Seuls les anges ont des ailes, de Howard Hawks. Filmer la musique ?
Il y a ce début éblouissant de beauté, ce port la nuit, suintant dans une atmosphère tropicale ; du studio pourtant. Très vite, Jean Arthur entend de la musique d’une guinguette. Première scène de musique ahurissante de qualité : les musiciens, le rythme, les trognes tout fonctionne comme un premier élixir de vérité. Un premier pas dans le film.
La séquence commence loin du piano. Carry Grant et son ami sont touchant ; on a envie d’être là , avec eux. Alors que le plan dure, Jean Arthur s’impose contre Carry et prend possession du piano. Elle joue vraiment, et elle joue vraiment bien.
C’est presque un plan séquence, la première coupe intervient très tard, la caméra, un peu haute, est placée de manière à voir très lisiblement les touches du piano. L’effet de réel est si fort qu’on rentre une deuxième fois dans le film. Les outils sont les plus purs : un seul plan, pas de montage, de bons acteurs. C’est à ce moment que le spectateur vient véritablement s’assoir dans ce bouge, les acteurs n’en sont plus. Ils vous ont rejoint dans ce cabaret du bout du monde.

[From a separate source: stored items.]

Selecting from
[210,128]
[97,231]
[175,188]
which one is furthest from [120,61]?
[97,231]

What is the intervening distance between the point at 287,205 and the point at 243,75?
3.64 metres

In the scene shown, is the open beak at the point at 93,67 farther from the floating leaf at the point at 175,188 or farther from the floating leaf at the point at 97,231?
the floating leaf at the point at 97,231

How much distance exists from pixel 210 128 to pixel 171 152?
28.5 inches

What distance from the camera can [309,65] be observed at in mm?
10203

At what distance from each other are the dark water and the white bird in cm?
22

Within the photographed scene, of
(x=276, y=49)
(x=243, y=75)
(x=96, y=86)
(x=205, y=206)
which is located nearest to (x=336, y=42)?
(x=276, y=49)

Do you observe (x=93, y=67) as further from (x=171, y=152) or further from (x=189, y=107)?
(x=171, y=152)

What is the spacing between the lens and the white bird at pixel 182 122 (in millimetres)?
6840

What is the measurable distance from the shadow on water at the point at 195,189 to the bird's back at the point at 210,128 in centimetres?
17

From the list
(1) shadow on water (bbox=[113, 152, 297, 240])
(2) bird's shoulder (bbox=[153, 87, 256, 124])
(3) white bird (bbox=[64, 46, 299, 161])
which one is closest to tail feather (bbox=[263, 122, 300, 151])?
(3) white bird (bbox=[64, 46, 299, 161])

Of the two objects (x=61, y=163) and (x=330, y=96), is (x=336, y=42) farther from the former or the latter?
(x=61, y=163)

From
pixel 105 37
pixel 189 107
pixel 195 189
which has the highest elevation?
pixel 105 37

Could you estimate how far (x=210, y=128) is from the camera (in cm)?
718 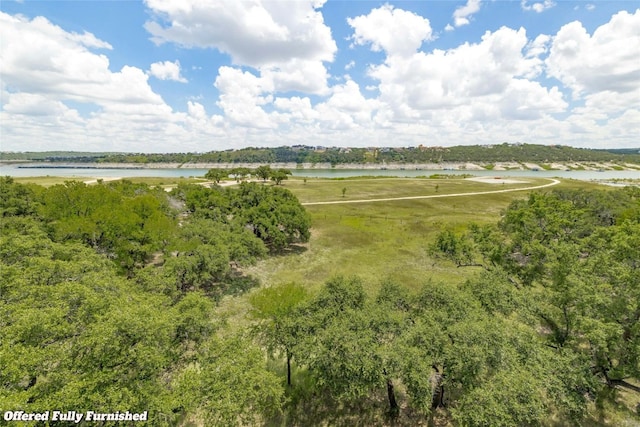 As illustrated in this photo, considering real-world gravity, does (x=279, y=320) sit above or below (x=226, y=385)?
above

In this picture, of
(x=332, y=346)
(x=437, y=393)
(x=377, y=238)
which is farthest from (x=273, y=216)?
(x=437, y=393)

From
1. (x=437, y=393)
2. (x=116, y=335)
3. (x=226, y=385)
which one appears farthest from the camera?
(x=437, y=393)

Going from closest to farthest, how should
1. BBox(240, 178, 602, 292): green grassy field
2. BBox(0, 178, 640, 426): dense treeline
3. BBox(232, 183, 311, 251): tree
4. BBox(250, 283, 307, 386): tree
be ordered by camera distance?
BBox(0, 178, 640, 426): dense treeline
BBox(250, 283, 307, 386): tree
BBox(240, 178, 602, 292): green grassy field
BBox(232, 183, 311, 251): tree

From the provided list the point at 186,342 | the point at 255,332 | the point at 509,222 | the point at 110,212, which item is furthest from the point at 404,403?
the point at 110,212

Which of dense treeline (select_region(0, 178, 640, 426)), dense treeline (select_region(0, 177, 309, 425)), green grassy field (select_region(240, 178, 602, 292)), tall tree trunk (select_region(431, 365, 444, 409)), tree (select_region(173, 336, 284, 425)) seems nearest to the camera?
dense treeline (select_region(0, 177, 309, 425))

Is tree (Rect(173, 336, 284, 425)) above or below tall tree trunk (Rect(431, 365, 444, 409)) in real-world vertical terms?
above

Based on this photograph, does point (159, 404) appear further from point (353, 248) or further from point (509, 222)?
point (353, 248)

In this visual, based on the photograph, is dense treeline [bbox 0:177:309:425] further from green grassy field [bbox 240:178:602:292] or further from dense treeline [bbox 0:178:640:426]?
green grassy field [bbox 240:178:602:292]

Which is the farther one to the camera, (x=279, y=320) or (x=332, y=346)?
(x=279, y=320)

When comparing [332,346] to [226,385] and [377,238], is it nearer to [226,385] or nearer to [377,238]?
[226,385]

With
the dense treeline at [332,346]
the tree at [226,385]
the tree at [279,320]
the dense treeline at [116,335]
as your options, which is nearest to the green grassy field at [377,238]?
the dense treeline at [116,335]

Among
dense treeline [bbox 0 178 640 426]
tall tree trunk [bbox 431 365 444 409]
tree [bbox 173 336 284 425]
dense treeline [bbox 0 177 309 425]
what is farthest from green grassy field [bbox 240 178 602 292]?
tree [bbox 173 336 284 425]
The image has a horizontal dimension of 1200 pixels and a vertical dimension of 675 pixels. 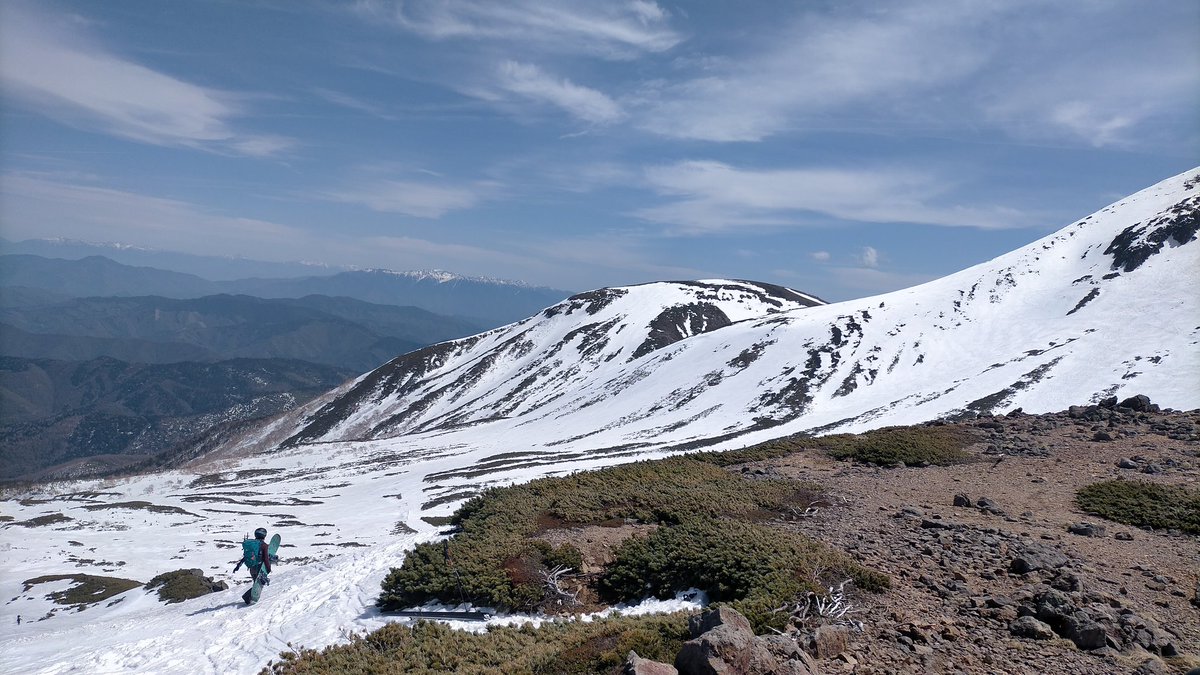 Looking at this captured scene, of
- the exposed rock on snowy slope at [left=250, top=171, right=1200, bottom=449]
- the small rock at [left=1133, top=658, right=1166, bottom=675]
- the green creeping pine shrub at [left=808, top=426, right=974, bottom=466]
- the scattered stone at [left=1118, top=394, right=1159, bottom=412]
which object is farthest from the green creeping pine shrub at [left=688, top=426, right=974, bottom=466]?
the exposed rock on snowy slope at [left=250, top=171, right=1200, bottom=449]

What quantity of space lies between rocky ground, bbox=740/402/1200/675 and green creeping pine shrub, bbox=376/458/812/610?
2329mm

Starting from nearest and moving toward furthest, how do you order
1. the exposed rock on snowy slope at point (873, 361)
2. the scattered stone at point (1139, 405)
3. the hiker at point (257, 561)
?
the hiker at point (257, 561) → the scattered stone at point (1139, 405) → the exposed rock on snowy slope at point (873, 361)

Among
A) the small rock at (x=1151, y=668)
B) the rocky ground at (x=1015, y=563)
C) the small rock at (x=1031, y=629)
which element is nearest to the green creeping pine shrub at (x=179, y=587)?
the rocky ground at (x=1015, y=563)

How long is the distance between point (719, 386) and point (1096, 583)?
83.4 meters

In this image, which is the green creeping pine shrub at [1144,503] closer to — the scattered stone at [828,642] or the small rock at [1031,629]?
the small rock at [1031,629]

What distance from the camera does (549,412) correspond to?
104m

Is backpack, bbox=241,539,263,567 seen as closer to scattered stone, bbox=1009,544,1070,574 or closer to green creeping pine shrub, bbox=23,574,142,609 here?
scattered stone, bbox=1009,544,1070,574

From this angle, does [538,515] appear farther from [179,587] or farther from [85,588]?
[85,588]

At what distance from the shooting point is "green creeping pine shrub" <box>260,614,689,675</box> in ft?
30.2

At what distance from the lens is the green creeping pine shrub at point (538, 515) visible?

La musique filmer ainsi, devient comme un moment ordalique, un test divin avec lequel on ne peut tricher.
À la fin de cette deuxième scène de musique je me suis demandé s’il n’y avait pas une inversion : s’il ne s’agissait pas de filmer la musique, mais au contraire, dans ce cas, c’est la musique qui donne sa substance au film.